BESA used the occasion to unveil plans for the industry’s first comprehensive IAQ standard and kicked off the writing process with a workshop involving representatives from across the building-services sector. Mr Birkett said that this work would help to inform future Government policies, which he said needed to be integrated to reflect the fact that we are dealing with ‘one atmosphere’ so that measures covering air, energy and transport are all part of the same regulatory framework.

‘It is the myopic focus since 1990 on CO2 and fuel efficiency that has created this mess, and now many roads in central London have the highest NO2 concentrations in the world,’ he added.
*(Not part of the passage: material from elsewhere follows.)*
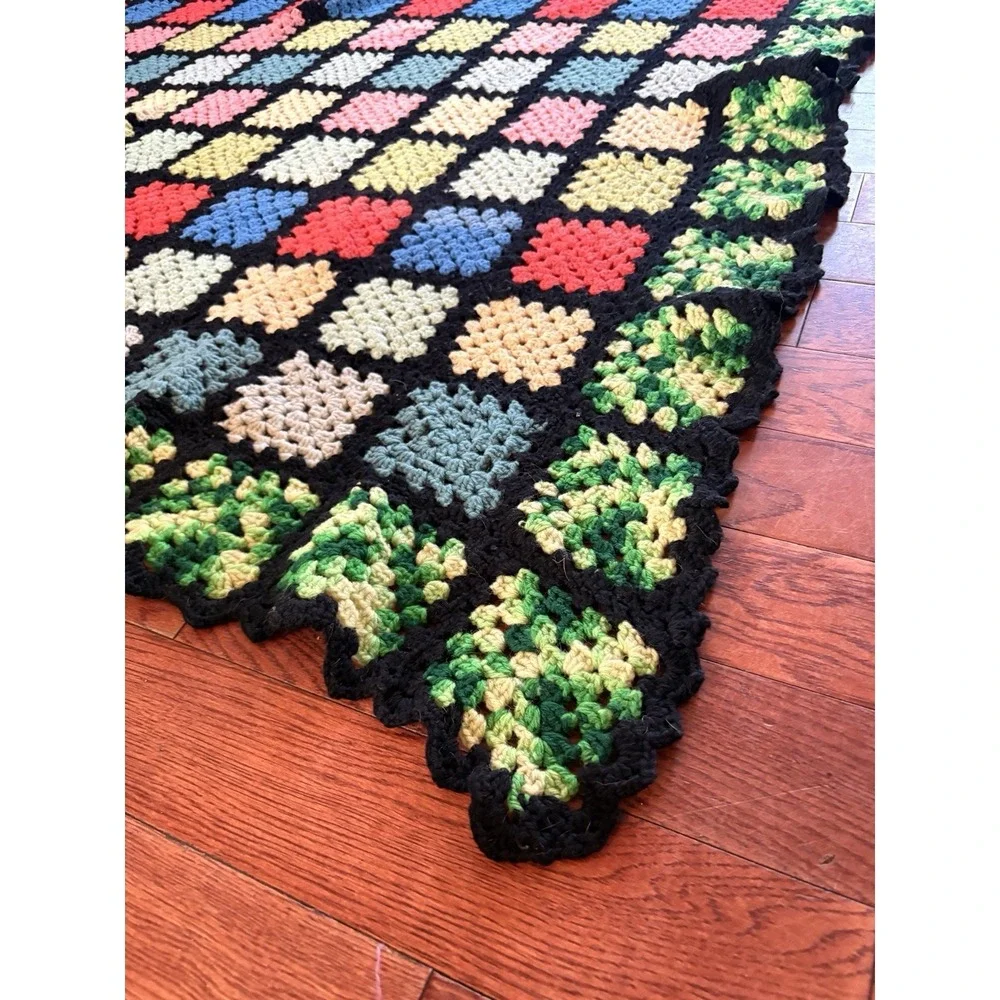 Huge‎ Vintage Crochet Afghan Granny Square Rainbow Black 66*80 Roseanne Big Bang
AECOM’s director of sustainability Ant Wilson told the meeting that work on an IAQ standard was an opportunity to create guidance that could eventually become a legal requirement.

BESA’s head of sustainability David Frise, added, ‘When I told a meeting of architects last year that the biggest issue facing the built environments sector was air quality, they scoffed at me. Since then the weight of scientific evidence has been piling up, and I don’t think they would be so dismissive now.’